▸ Problem statement
Output the data unchanged and complete, minus the images.

▸ Material provided
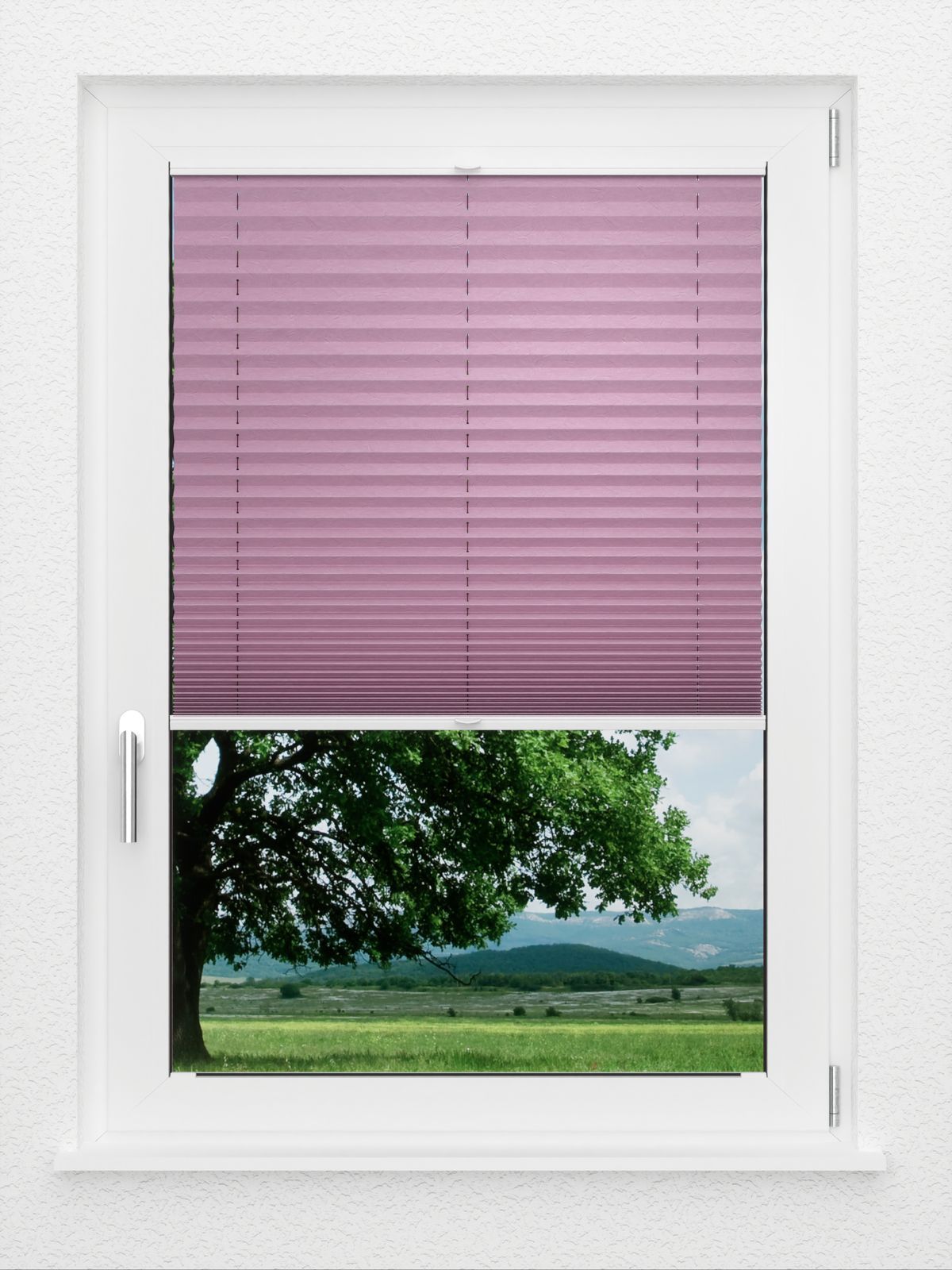 Detailansicht LYSEL HOME Plissee 421A Pearly Crush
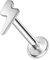 ZS ASTM F136 Titanium 16G 8mm Piercing Jewelry for Conch, Tragus, Helix, Lip, Labret, Earlobe - Hypoallergenic Internally Threaded Flat Back Cartilage Stud Earring (#35 Lightning)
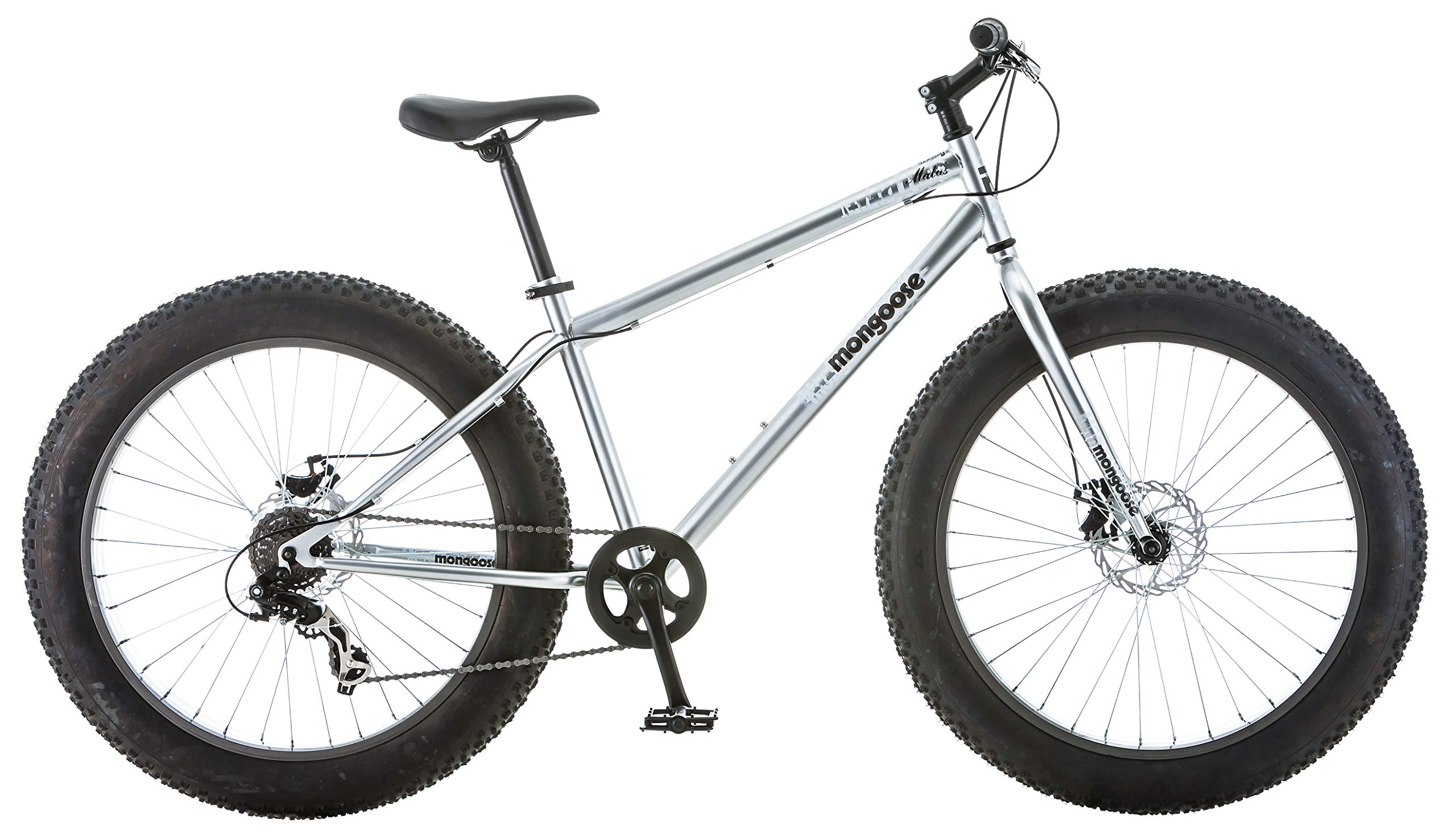 Mongoose Malus Adult Fat Tire Mountain Bike, 26Inch Wheels, 7Speed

▸ Output of the exercise
 Detailansicht LYSEL HOME Plissee 421A Pearly Crush
 ZS ASTM F136 Titanium 16G 8mm Piercing Jewelry for Conch, Tragus, Helix, Lip, Labret, Earlobe - Hypoallergenic Internally Threaded Flat Back Cartilage Stud Earring (#35 Lightning)
 Mongoose Malus Adult Fat Tire Mountain Bike, 26Inch Wheels, 7Speed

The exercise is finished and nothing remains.